### Data for analysis

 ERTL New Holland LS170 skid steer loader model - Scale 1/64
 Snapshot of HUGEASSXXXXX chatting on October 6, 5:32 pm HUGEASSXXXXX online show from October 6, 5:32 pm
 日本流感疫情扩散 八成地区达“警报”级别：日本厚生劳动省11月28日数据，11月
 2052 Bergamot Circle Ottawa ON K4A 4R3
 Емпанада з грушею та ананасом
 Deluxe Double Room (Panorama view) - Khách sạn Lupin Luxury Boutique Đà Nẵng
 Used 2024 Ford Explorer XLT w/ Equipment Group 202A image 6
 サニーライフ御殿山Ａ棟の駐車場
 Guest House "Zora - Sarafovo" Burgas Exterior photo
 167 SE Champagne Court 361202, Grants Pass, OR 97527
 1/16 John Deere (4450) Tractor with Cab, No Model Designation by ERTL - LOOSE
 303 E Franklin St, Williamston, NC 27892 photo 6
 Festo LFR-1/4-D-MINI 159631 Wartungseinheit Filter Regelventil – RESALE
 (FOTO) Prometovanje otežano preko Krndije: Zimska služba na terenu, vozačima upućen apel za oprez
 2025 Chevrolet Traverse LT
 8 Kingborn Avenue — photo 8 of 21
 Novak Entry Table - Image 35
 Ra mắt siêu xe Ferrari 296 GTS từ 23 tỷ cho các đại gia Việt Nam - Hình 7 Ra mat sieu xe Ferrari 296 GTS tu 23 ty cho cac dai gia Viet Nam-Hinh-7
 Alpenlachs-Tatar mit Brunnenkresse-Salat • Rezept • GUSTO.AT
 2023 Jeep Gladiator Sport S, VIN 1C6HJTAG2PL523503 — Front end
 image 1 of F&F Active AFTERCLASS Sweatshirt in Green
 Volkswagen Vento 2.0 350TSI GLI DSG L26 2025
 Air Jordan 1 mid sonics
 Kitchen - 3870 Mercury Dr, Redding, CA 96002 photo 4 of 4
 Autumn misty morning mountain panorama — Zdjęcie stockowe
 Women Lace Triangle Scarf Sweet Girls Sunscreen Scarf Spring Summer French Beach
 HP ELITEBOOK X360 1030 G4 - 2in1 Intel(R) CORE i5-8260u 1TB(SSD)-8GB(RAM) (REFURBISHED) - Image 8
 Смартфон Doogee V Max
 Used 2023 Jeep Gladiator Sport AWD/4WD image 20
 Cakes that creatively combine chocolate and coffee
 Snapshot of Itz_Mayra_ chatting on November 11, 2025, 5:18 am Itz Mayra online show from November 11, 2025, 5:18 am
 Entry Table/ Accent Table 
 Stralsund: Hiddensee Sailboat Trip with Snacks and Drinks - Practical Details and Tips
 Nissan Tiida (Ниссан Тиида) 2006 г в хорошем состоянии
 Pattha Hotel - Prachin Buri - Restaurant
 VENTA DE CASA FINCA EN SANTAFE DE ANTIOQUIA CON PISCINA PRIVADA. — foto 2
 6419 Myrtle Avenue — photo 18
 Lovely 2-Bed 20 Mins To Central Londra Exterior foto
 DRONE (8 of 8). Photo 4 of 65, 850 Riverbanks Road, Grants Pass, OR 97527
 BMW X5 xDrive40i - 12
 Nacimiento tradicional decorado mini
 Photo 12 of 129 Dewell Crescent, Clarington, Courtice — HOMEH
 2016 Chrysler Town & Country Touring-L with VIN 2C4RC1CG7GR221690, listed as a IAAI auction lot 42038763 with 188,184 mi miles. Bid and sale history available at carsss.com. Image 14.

######

### Assignment
Look through the records for the string "Gladiator". Copy every line that has it.

### Result of the task
 2023 Jeep Gladiator Sport S, VIN 1C6HJTAG2PL523503 — Front end
 Used 2023 Jeep Gladiator Sport AWD/4WD image 20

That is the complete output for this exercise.